Birmingham’s collegiate sports addiction
(Note: This blog entry was submitted by UAB history undergrad Keith DePew, who finished an internship with the Birmingham History Center last week. DePew, 22, from Trussville, is a second baseman for the UAB Blazers baseball team and will graduate this year with a degree in secondary education, with plans to teach high school history. He sifted through several sports collections during his internship, including one with artifacts from the long-gone Birmingham Bulls.)
While working an internship for the Birmingham History Center, I began to run across Birmingham Bulls hockey artifacts. These items included trading cards, attire, and hockey sticks. I even saw a jersey that I used to own as a kid.
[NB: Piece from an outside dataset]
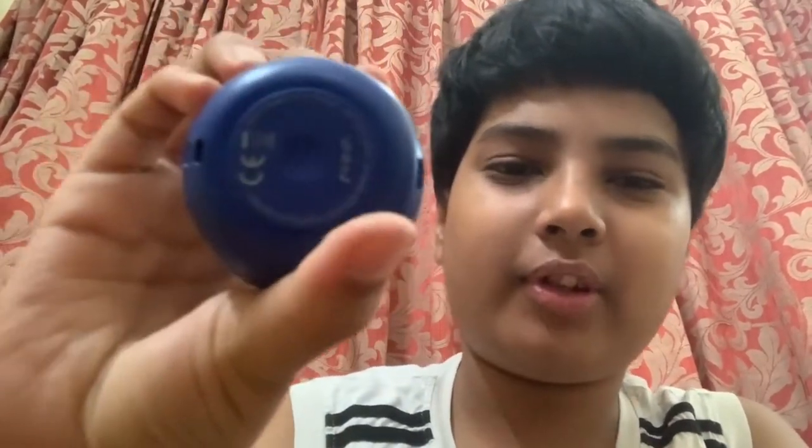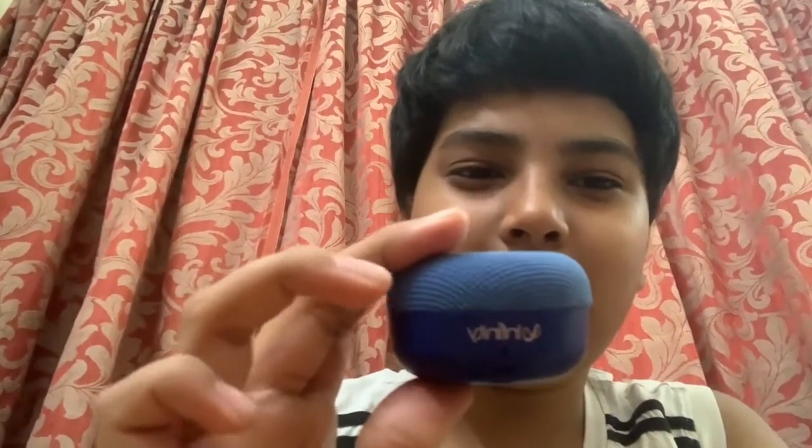Now let me explain what the lights mean. To turn it on, you hold the button at the bottom for two seconds to switch it on. There are no other buttons — to control the volume you have to do it from your phone. When the blue light blinks slowly, that means it is getting ready to pair.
Growing up in Birmingham, I can remember going to games with my dad and wearing that same jersey and laughing at the uproarious fans rooting for the Bulls.
As I continued to find Bulls memorabilia, I wondered why the team was no longer in Birmingham, which led me to question why hockey and other new professional sports in Birmingham have had so much trouble staying in the city. As I see it, Birmingham is just too focused on college athletics. The story of the Bulls hockey team provides a better understanding of the city’s condition.
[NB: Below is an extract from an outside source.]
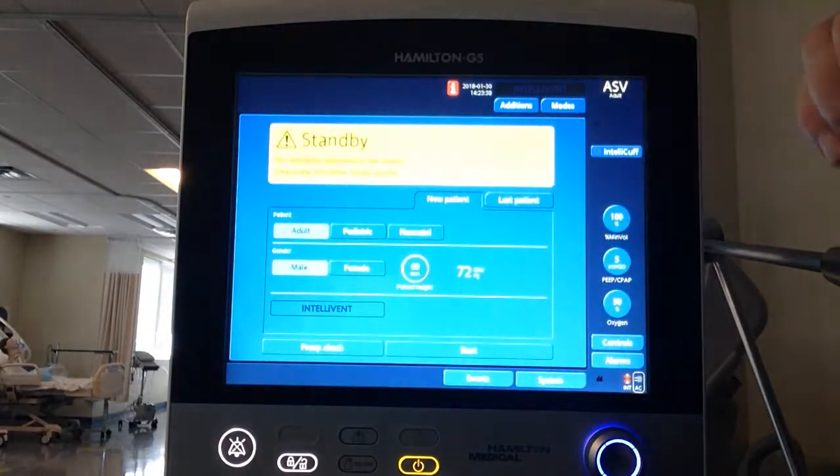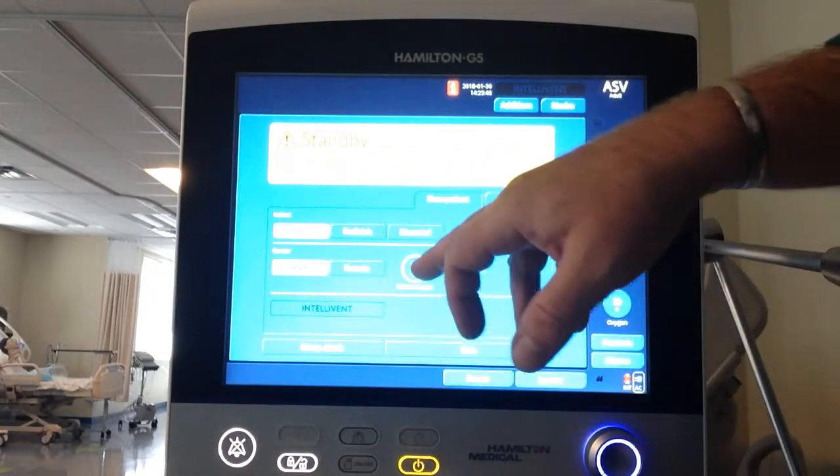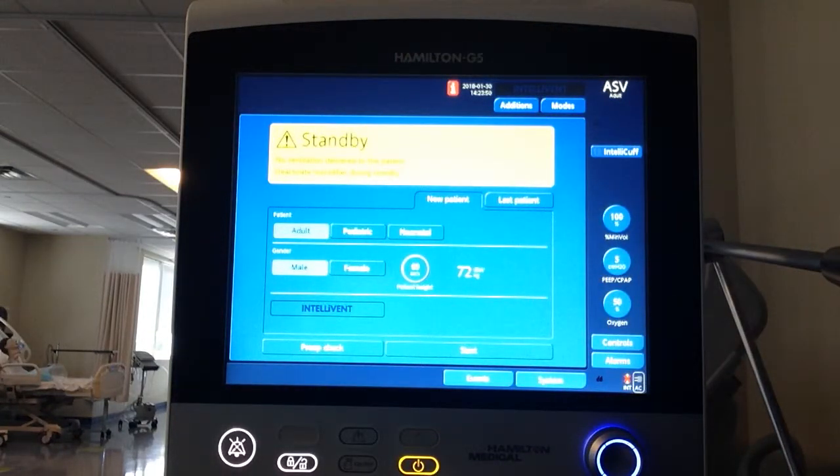This is where we typically choose our patient. Since we don't have a true patient, we're going to skip it, but if this were a new patient I'd select adult male or female, enter height in inches, and it would do my ideal body weight calculation for me.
Hockey once flourished in a city that was lucky to see snow in two months out of the year. The Birmingham Bulls of the East Coast Hockey League had major success in Birmingham following its inaugural season in 1992. According to The Birmingham News writer Clyde Bolton, hockey was thriving in the Magic City.
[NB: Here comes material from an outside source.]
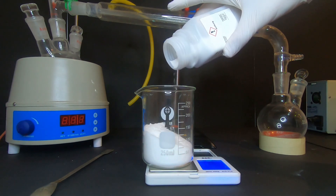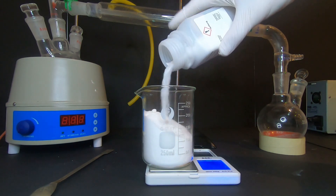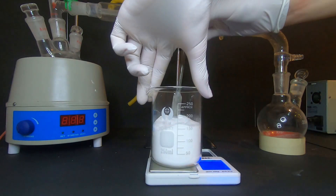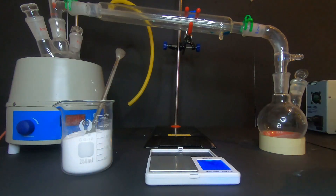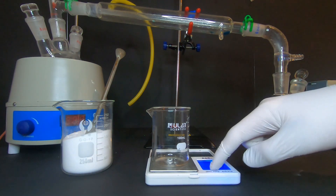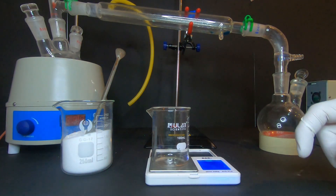First we measure out 125 grams of adipic acid in a beaker. For the reaction we still need the catalyst in the form of barium hydroxide, so after this we put 5 grams of barium hydroxide in a beaker.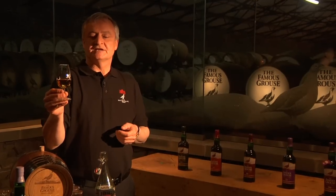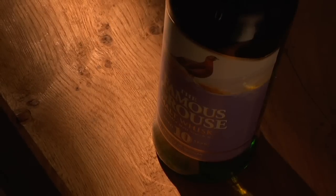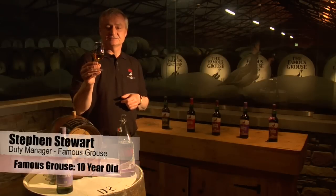Here we have the Famous Grouse 10 year old malt. When it says a whisky is 10 year old on a bottle, it means that all the whisky in this glass has been matured for at least 10 years.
Each game, thousands of hockey-loving fans turned out at the Birmingham Jefferson Civic Center to support their Bulls. In fact, opening season for the Bulls ranked among the top four in league attendance, averaging 7,500 fans per game. Sports enthusiasts were apparently excited to watch a game that they knew little about–Bolton even referenced some fans calling the hockey puck a ball.
The initial support of the team left people of Birmingham thinking the sport would last. By the turn of the century, however, things began to change. Like all sports, winning is a big factor in local support. The Bulls posted a losing record in both the ‘99-’00 and ‘00-’01 seasons, resulting in poor attendance. The News reported that attendance had dropped to less than 2,600 fans at the conclusion of the ‘00-’01 season and by the summer of 2001, the team was moved to New Jersey. Birmingham no longer hosted Bulls hockey.
The quick tenure of the Birmingham Bulls helped me to understand why the city has trouble holding new professional teams. Although there was a short burst of excitement over hockey, Birmingham is too much of a college sports city and cannot sustain any new professional teams. The type of sport has nothing to do with a team lasting. The Birmingham Bolts of the XFL proved that professional football could not survive in the city. Along with this, losing has relatively little to do with keeping a team. Professional teams all around the country lose games but continue to stay in their cities. Like Kevin Scarbinsky of The News stated about Birmingham, “…(we) lose teams the way other cities lose games.”
Ultimately, Birmingham is so focused on college sports that a professional team cannot be supported. Collegiate athletics are just too important.
There is one team, however, that seems to be immune to the sickness of professional Birmingham sports. The Birmingham Barons baseball team has survived over 100 years in Birmingham. They originally played at Rickwood Field and then later at Regions Park in Hoover. The team is now moving to a new home in downtown Birmingham in 2013.
The fact that the Barons have been a part of the city for so long is the reason they are still surviving today. If baseball were introduced in the last thirty years, it is likely that the team would have failed. However, the Barons were on the scene before college athletics infiltrated the city and have therefore endured. Hopefully their new stadium in the heart of the Magic City will continue to keep the Barons off the list of Birmingham’s unsuccessful sports teams.